> **Data section**

<<<<

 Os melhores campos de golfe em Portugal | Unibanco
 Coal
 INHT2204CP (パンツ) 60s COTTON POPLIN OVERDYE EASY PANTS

>>>>

> **What you need to do**
The listing above should be repeated in its entirety, unchanged.

> **Output below**
 Os melhores campos de golfe em Portugal | Unibanco
 Coal
 INHT2204CP (パンツ) 60s COTTON POPLIN OVERDYE EASY PANTS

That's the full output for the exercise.